Actualmente o projecto do NVDA é liderado pela NV Aches, Inc., entidade não lucrativa criada pelos programadores originais Mike e James com o objectivo de desenvolver o NVDA e outro software para pessoas com deficiência visual, e é financiado por empresas como a Microsoft, Adobe, Mozilla, Google, entre outras. Porém, sem o continuado apoio de tantos e tantos dos seus utilizadores, tradutores, caça-bugs e programadores, por esse mundo fora, cegos ou com baixa visão, não seria possível que existissem 30000 pessoas a usá-lo diária e gratuitamente. Em países como o Brasil - o país com mais utilizadores - julgo tratar-se de um passo importantíssimo na inclusão dos deficientes visuais. Isto para não referir a índia, China ou Irão.
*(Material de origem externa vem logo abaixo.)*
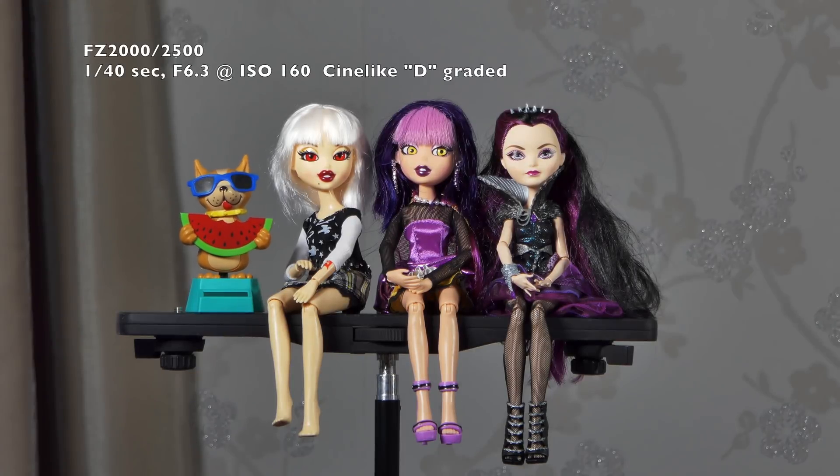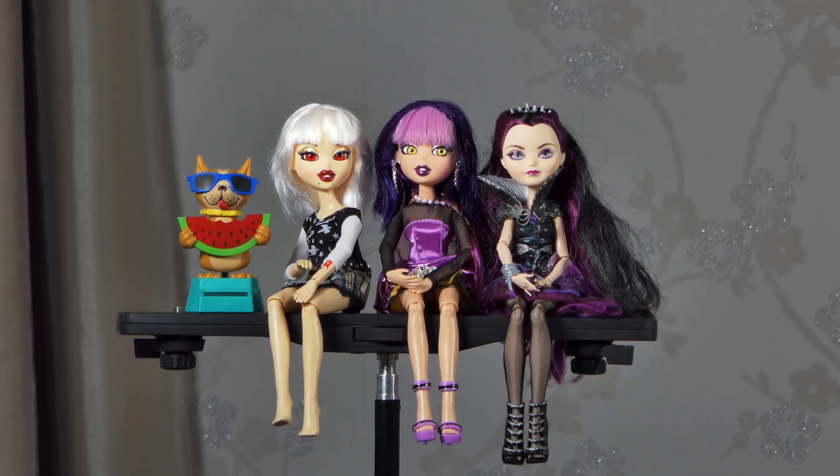The first test is with the Panasonic Lumix FZ2000, or FZ2500. I'm going to try and keep the magnification the same for each of the videos so that the comparison is similar. This one is ISO 160 at f6.3 and the shutter speed is 1/40th of a second.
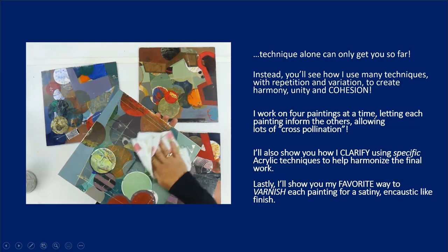Technique alone can only get you so far. Instead, you'll see how I use many techniques with repetition and variation to create harmony, unity, and cohesion. I work on four paintings at a time, letting each painting inform the others, allowing lots of cross-pollination. I'll also show you how I clarify using specific acrylic techniques to help harmonize the final work, and my favorite way to varnish each painting for a satiny and caustic-like finish.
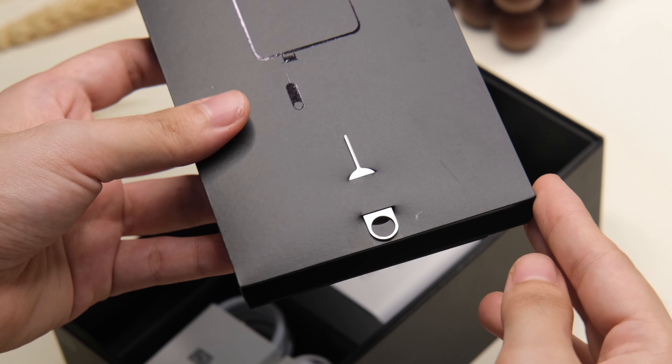On top, you'll find the earpiece, loudspeaker, IR blaster, and microphone, while below we have the loudspeaker, USB-C port, and the card slot for the nano SIM card and nano memory card.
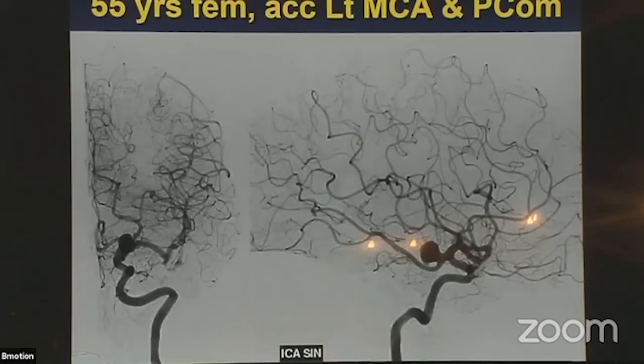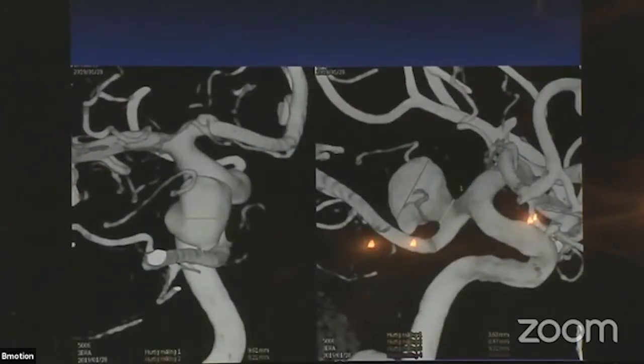Next case — also learning curve. A 55-year-old male with two aneurysms: one left MCA, one PCOM. The surgeon wanted to clip both but could not clip the PCOM — he said it was too low. It looks like this, and check the measurements — the largest device should be used for up to 8.5 mm, but this aneurysm is larger than 8.5 mm. The company said it was probably too big for the largest device, but I said let's try it on my responsibility.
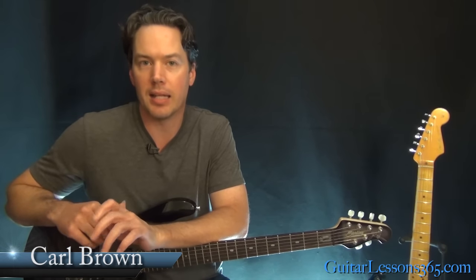Hey guys, it's Carl Brown for Guitar Lessons at 365.com. Today we're going to begin our look at Whiskey in the Jar by Metallica.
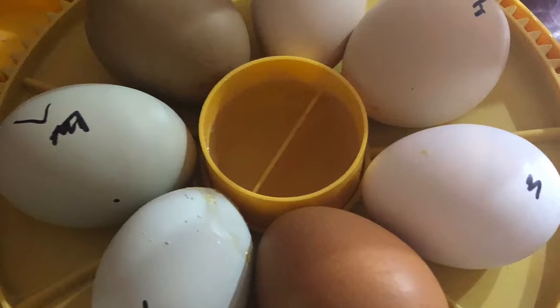Here's egg number six. This one's really hard to see inside of, too. And egg seven is pretty hard to see inside of as well, but egg seven is green.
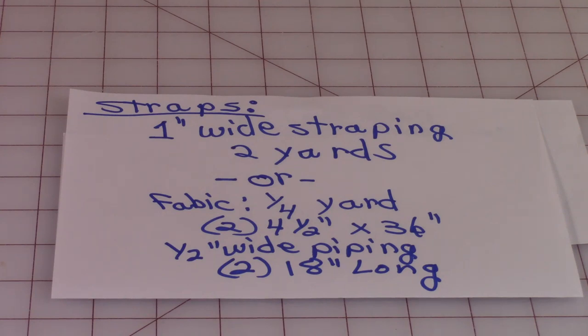You're going to need about two yards of that pre-made strapping. Or, if you want to make your own, I have some really nice straps I'm going to show you how to make, and you only need about a fourth of a yard. You'll need to cut two pieces that are four and a half inches by 36 inches. Then you're going to need half-inch wide piping — two pieces that are 18 inches long, so just purchase a yard of that.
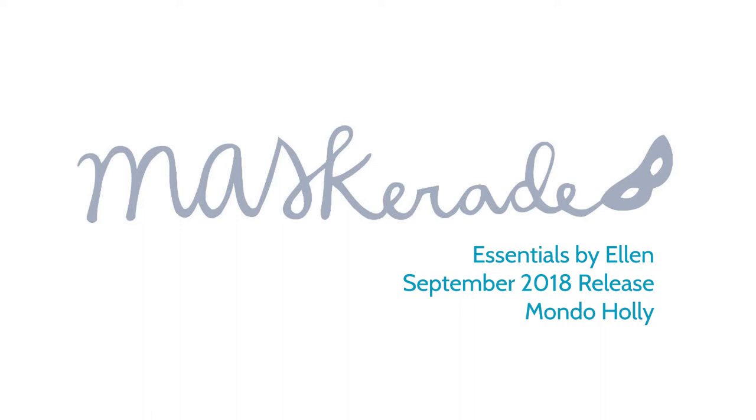Hi everyone, it's Ardith, and I'm excited to be here today with a card featuring the new Essentials by Ellen Mondo Holly.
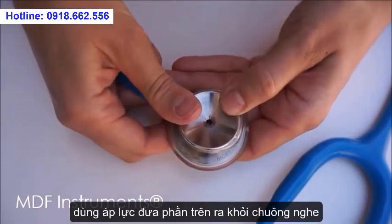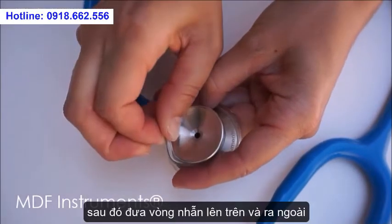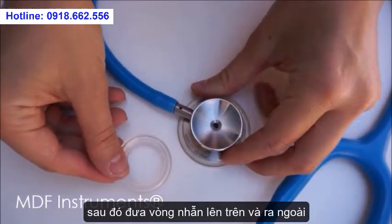Work your way around pushing the nonchill ring below the bell and lift it up and over to completely remove.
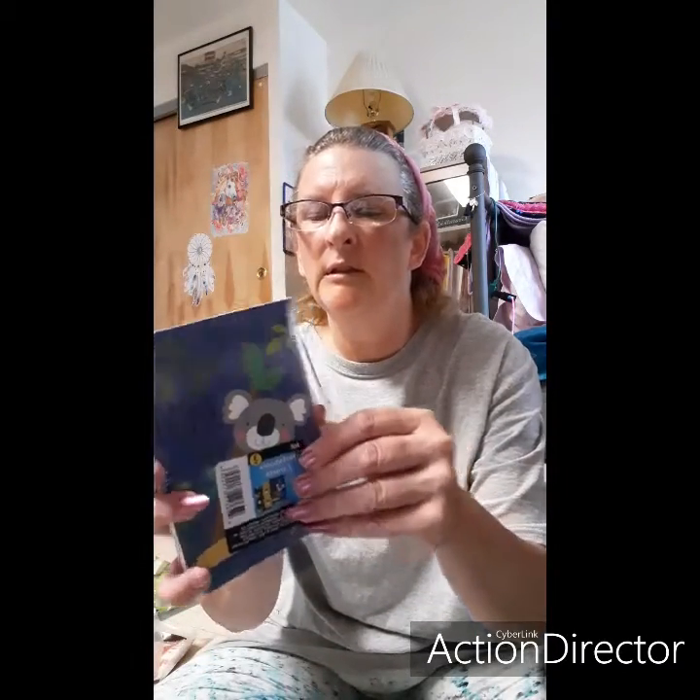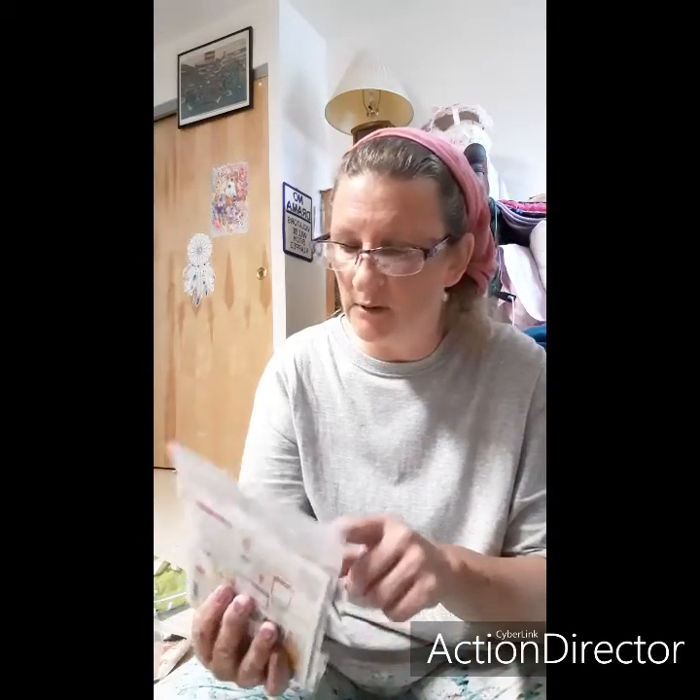I grabbed three of these little notebooks — they've got a sloth on one that says 'Just Chilling,' little kitty cats on the middle one, and a koala bear on the last one. I also found these cup Project Life cards, and I thought they were pretty good because they have the cards in the back — that's what I liked about it.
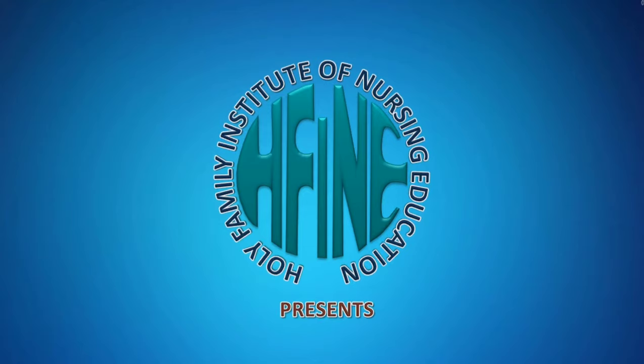Hello everyone, today we the clinical instructors along with the students of Holy Family Institute of Nursing Education would like to demonstrate a procedure on catheter care.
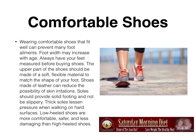Comfortable shoes — this is critical. Wearing comfortable shoes that fit well can prevent many foot ailments. Foot width may increase with age, so always have your feet measured before buying shoes. The upper part of the shoes should be made of a flexible, soft material to match the shape of your foot. Shoes made with leather can reduce the possibility of skin irritations. Soles should provide solid footing and not be slippery. Thick soles lessen impact when walking on hard surfaces. Low heel shoes are more comfortable, safer, and less damaging than high heel shoes.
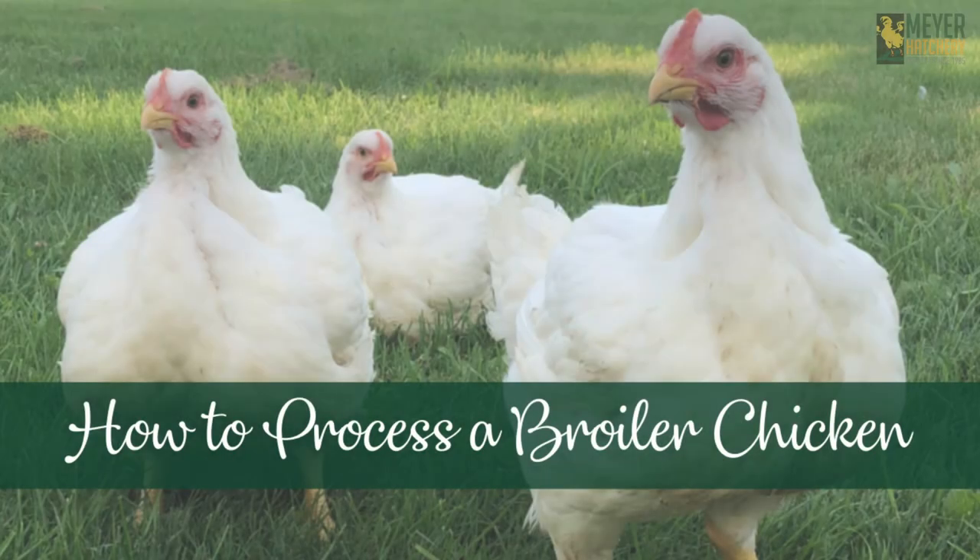The following video shares the steps of processing a broiler chicken from start to finish. Viewer discretion is advised.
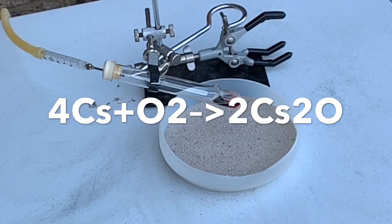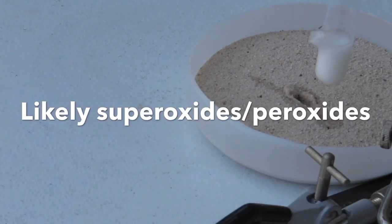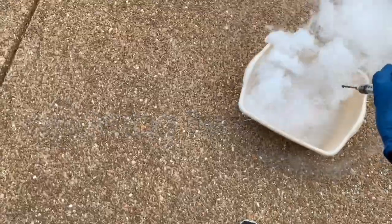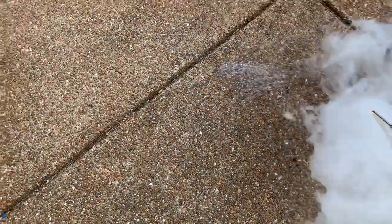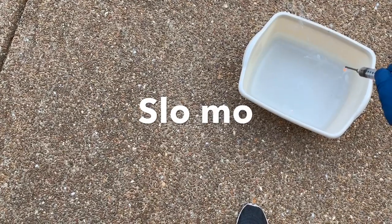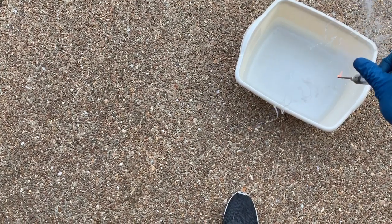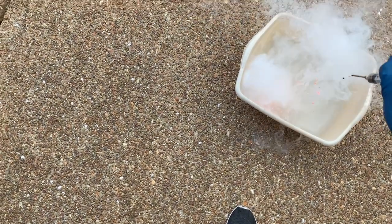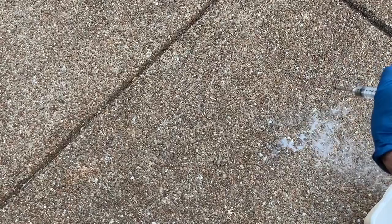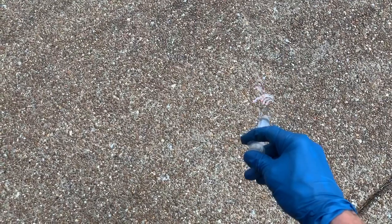There you go — you can see what happens. It instantly ignites in oxygen, and that smoke you can see there is cesium oxide.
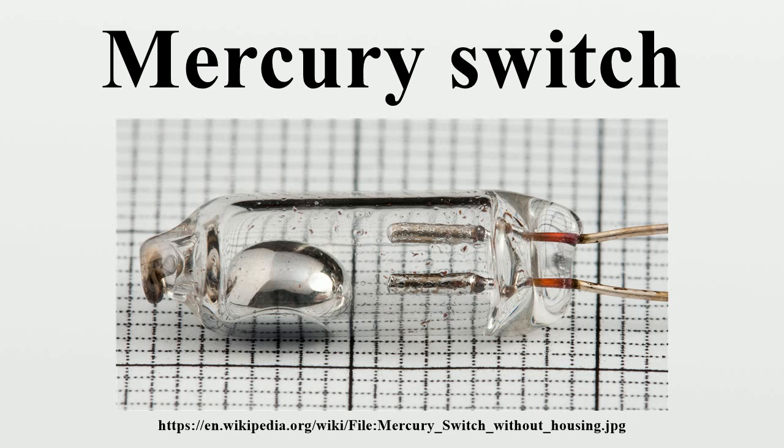In the United States, the Environmental Protection Agency regulates the disposition and release of mercury. Individual states and localities may enact further regulations on the use or disposition of mercury.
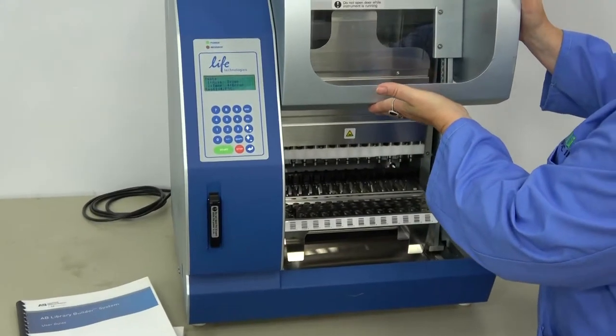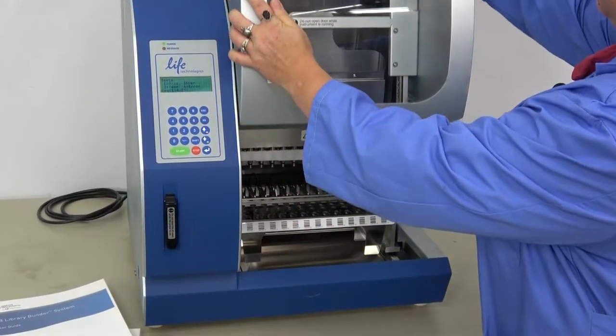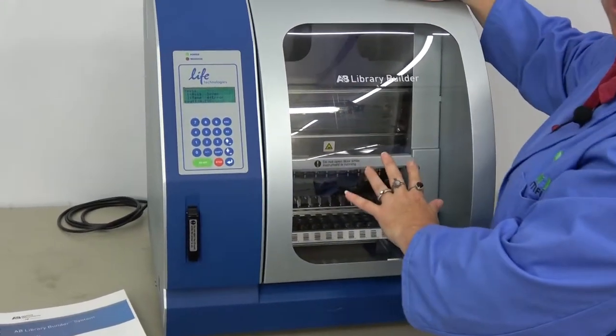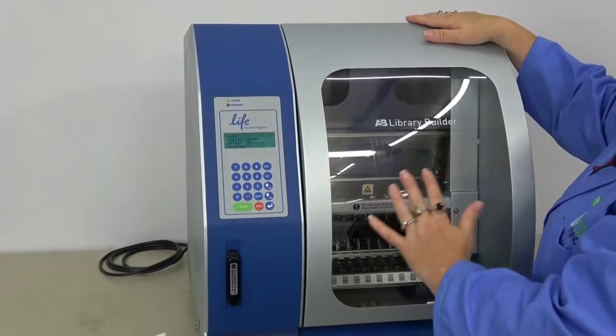The door slides up. You would enter your samples and reagents here and the magnet catches it. Even though we don't have samples or reagents, we're going to go ahead and run it through a testing sequence so that you can see that it is functioning.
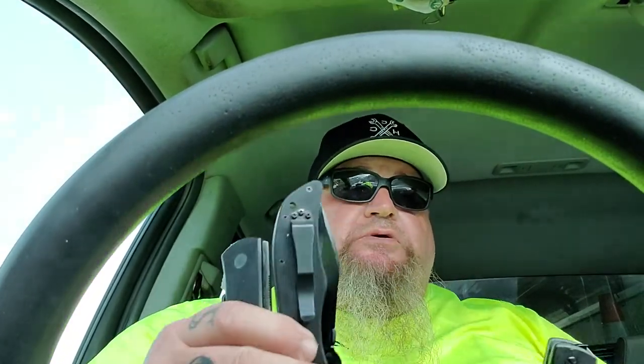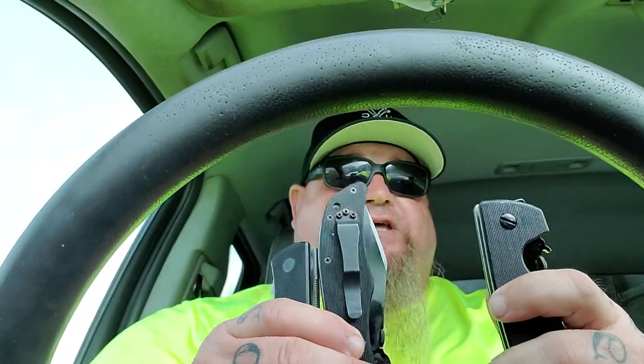This knife has the same jimping. These G10 scales, man — I love them. All three of these knives are some of the best handles I got. When you first get them, that G10 is kind of like 'Lord, it's going to mess up my pants' — especially if you're wearing short pants, son. But all that said, probably in the next day or so I'm going to do a cutting test with all three so y'all can see all three.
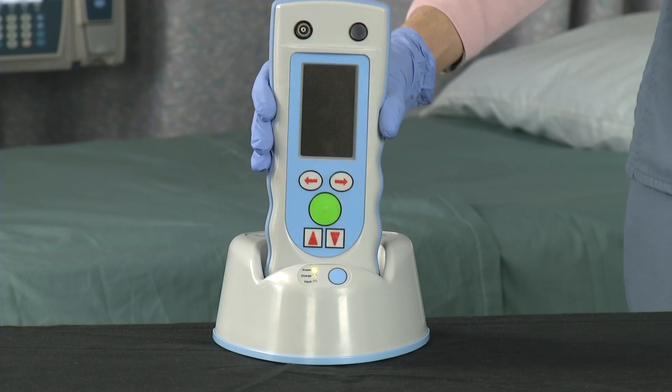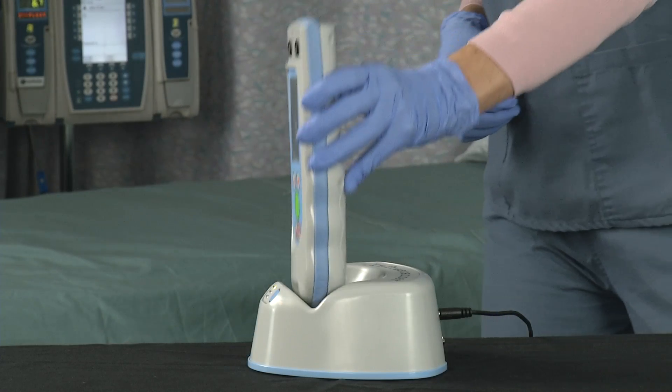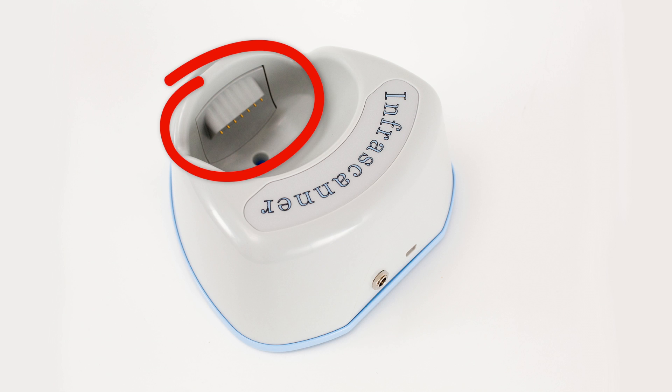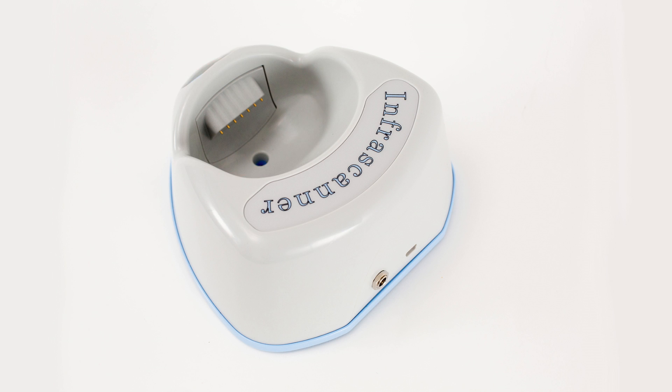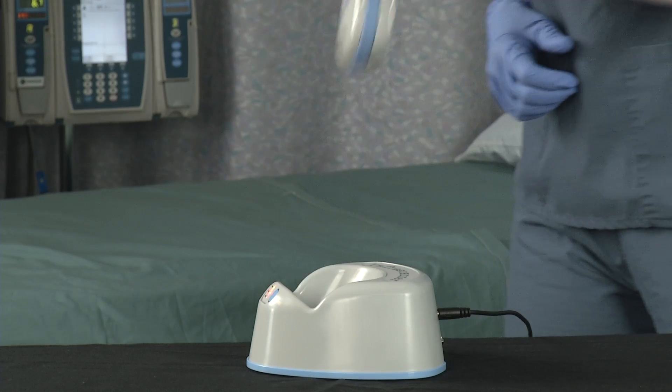Place the InfraScanner in the cradle to charge the unit. Insert the InfraScanner vertically and then lean it backward, making sure to engage the spring-loaded cradle pins. To remove the InfraScanner from the cradle, simply tilt the unit forward and lift.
Refira-se, como dado adicional, que a formação em informática da ACAPO contempla a utilização e configuração do leitor de ecrã NVDA, e na ACAPO o NVDA é, actualmente, indispensável para que possamos ter técnicos cegos, a dar suporte, remotamente, às infra-estruturas informáticas da ACAPO distribuídas por todo o país.

O NVDA não foi, de modo algum, o primeiro projecto de software desenvolvido nos moldes que descrevi, pelos próprios utilizadores, apesar de, em minha opinião, ter sido o de maior sucesso. Já nos anos 90, com o advento do sistema operativo Linux - também de código aberto - foram criadas ferramentas como o BRLTTY (para ligação de linhas Braille,) o Speakup ou o Emacspeak (leitores de ecrã), ainda hoje utilizados pelos utilizadores de Linux.

Por fim, resta-me reiterar, com base no NVDA e não só, que como cegos ou pessoas com baixa visão num mundo cada vez mais digital, é importante ter em mente que podemos tomar nas nossas mãos o destino das ferramentas que nos permitem estar e existir nesta nova realidade, tal como se tem feito em vários domínios da auto-representação,

Por decisão pessoal, o autor deste artigo não escreve segundo as regras do novo acordo ortográfico.